Virtual walks in Google Street View using PoseNet and applying Deep Learning models to recognize actions.
Para la versión en español, haz click aquí.
During the quarantine, we're currently experiencing due to the COVID-19 pandemic our rights to move freely on the street are trimmed in favour of the common wellbeing. People can only go out in certain situations like doing the grocery. Many borders are closed and travelling is almosy totally banned in most countries.
Virtual Walks is a project that uses Pose Estimation models along with LSTM neural networks in order to simulate walks in Google Street View. For pose estimation, PoseNet model has been adapted, while for the action detection part, an LSTM model has been developed using TensorFlow 2.0.
This project is capable of simulating walking around the street all over the world with the help of Google Street View.
Tensorflow 2.0, Selenium and Python 3.7 are the main technologies used in this project.
PoseNet has been combined with an LSTM model to infer the action that the person is performing. Once the action is detected it is pased to the controller; the part that interacts with Google Street View.
* Stand * Walk * Turn right * Turn left
Currently, there is another model that can be used to run this program. Instead of a LSTM, joint velocities are calculated across the frames in the 5-frame groups and passed along with the joint positions to a PCA and FF Neural Network to predict the action. The default model is the LSTM, as we consider it the methodologically correct one and is the model with the highest precission.
As the action prediction could be (depending on the host computer's specifications) much faster than the average walking speed, an action can be only executed once every 0.5 seconds. This parameter is customizable.
As it can be seen in the image, the skeleton is inferred form the image and an action is predicted and executed.
Remember that a Webcam is needed to use this program, as actions are predicted from the frames taken with it.
It is recommended to install it in a new Python 3.7 environment to avoid issues and version conflicts.
Install tensorflowjs, required to run ResNet:
pip install tensorflowjs
Clone and install tensorflowjs graph model converter, following the steps in tfjs-to-tf
Clone the git repository
git clone https://github.com/Moving-AI/virtual-walk.git
Install dependencies by running
pip install -r requirements.txt
Download the used models by running the download_models file. This script will download PoseNet models (MobileNet and ResNet with both output strides, 16 and 32), LSTM, PCA, scaler and neural network. The link to download the models separately can be found below.
cd virtual-walk python3 download_models.py
Finally, you can run execute.py to try it.
Considerations during usage:
Our experience using the model tells us that a slightly bright enviroment is preferred rather than a very bright one.
The system is sensitive to the position of the webcam.
To sum up, a position close to the one shown in the GIF should be used.
Probably the training part is the weakest in this project, due to our lack of training data and computing power. Our training data generation process consisted on 40 minutes of recordings. In each video, one person appeared making one specific action for a certain period of time. As it will be discussed in the next steps section, our models tend to overfit in spite of having a working system. An example of the training data can be seen below.

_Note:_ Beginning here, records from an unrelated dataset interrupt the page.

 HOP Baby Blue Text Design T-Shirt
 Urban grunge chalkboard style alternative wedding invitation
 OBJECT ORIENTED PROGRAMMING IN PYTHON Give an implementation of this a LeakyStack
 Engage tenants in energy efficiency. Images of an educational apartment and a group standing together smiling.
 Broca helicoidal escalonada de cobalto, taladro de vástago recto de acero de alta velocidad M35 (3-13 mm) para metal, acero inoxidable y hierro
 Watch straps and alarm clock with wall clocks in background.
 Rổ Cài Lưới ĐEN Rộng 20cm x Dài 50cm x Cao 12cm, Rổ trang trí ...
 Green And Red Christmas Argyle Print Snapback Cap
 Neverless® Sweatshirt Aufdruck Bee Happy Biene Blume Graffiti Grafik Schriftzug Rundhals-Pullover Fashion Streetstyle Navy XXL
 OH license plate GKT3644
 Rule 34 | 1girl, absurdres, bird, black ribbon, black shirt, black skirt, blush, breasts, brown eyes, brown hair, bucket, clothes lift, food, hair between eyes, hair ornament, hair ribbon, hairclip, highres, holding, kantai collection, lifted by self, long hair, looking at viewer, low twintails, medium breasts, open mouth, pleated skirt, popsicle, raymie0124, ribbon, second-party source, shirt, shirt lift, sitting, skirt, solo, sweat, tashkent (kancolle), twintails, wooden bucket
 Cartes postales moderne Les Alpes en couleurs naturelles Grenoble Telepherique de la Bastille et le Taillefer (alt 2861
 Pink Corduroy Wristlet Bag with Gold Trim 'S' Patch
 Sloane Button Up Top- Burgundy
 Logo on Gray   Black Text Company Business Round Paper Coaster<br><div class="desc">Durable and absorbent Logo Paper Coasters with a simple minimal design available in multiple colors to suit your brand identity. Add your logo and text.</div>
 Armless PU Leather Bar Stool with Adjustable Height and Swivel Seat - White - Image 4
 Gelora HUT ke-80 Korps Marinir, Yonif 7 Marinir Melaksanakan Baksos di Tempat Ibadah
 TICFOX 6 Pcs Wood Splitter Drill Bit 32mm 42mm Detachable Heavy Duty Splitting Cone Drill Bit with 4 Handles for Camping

The models we have trained and the ones from which the examples have been generated can be downloaded running the download_models file. In the images below the training performance is shown:
If someone wants to train another LSTM model, the DataProcessor class is provided. It can process the videos located in a folder, reading the valid frame numbers from a labels.txt file and generating a CSV file with the training examples. This file can be used in train.py to generate a new LSTM model. The path for this model would be passed to the WebcamPredictor class and the system would use this new model.
Generating more training data. In this project we have tried to get what could be considered a MVP, robustness has never been a main goal. As it can be seen in the Training section, the model does not appear to overfit, even knowing that LSTM tend very much to overfit. However, the training and testing data are very similar, as the videos are people making "loop" actions. So we expect the model to have underlying overfitting that cannot be detected witout more videos. Probably, recording more videos in different light conditions would make the model more robust and consistent.
Turning to the right and to the left are not predicted with the same accuracy in spite of being symmetric actions. A specular reflection of the coordinates could be used to be more consistent in the turn predictions.
This project is under MIT license. See LICENSE for more details.